- [WHAT YOU ARE ASKED TO DO] In the records below, find the line with "Hey everyone, this" and the line with "Hello everyone, welcome"; return exactly those lines and every line between them.

- [MATERIAL PROVIDED]
-------
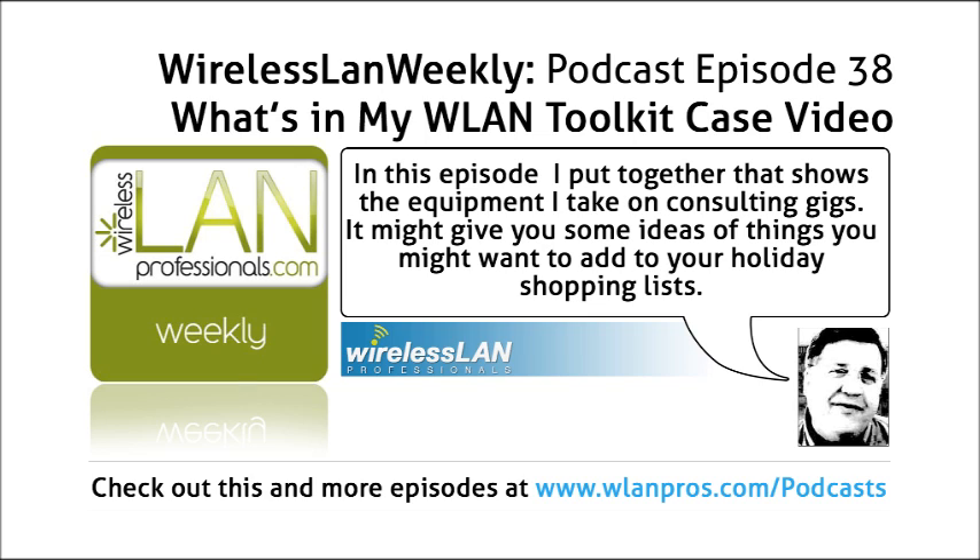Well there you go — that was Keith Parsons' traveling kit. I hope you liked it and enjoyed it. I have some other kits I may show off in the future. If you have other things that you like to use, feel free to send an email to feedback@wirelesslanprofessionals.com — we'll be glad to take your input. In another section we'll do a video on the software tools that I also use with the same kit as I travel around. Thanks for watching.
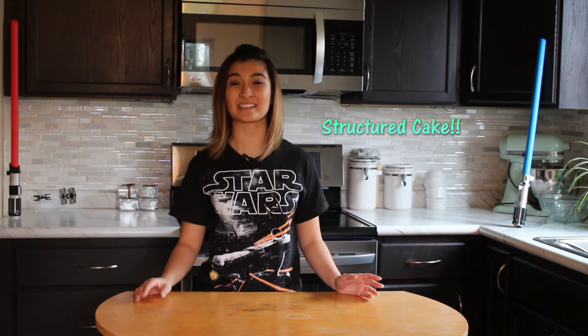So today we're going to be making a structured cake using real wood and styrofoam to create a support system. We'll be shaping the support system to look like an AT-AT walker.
-------
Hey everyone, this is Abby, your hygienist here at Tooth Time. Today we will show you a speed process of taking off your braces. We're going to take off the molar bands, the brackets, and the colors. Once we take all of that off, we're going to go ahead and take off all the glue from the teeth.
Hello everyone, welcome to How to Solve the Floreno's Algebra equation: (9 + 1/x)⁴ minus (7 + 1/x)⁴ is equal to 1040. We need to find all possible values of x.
-------
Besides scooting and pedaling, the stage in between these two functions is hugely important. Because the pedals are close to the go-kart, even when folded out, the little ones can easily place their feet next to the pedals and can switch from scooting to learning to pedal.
-------
- [RESPONSE]
Hey everyone, this is Abby, your hygienist here at Tooth Time. Today we will show you a speed process of taking off your braces. We're going to take off the molar bands, the brackets, and the colors. Once we take all of that off, we're going to go ahead and take off all the glue from the teeth.
Hello everyone, welcome to How to Solve the Floreno's Algebra equation: (9 + 1/x)⁴ minus (7 + 1/x)⁴ is equal to 1040. We need to find all possible values of x.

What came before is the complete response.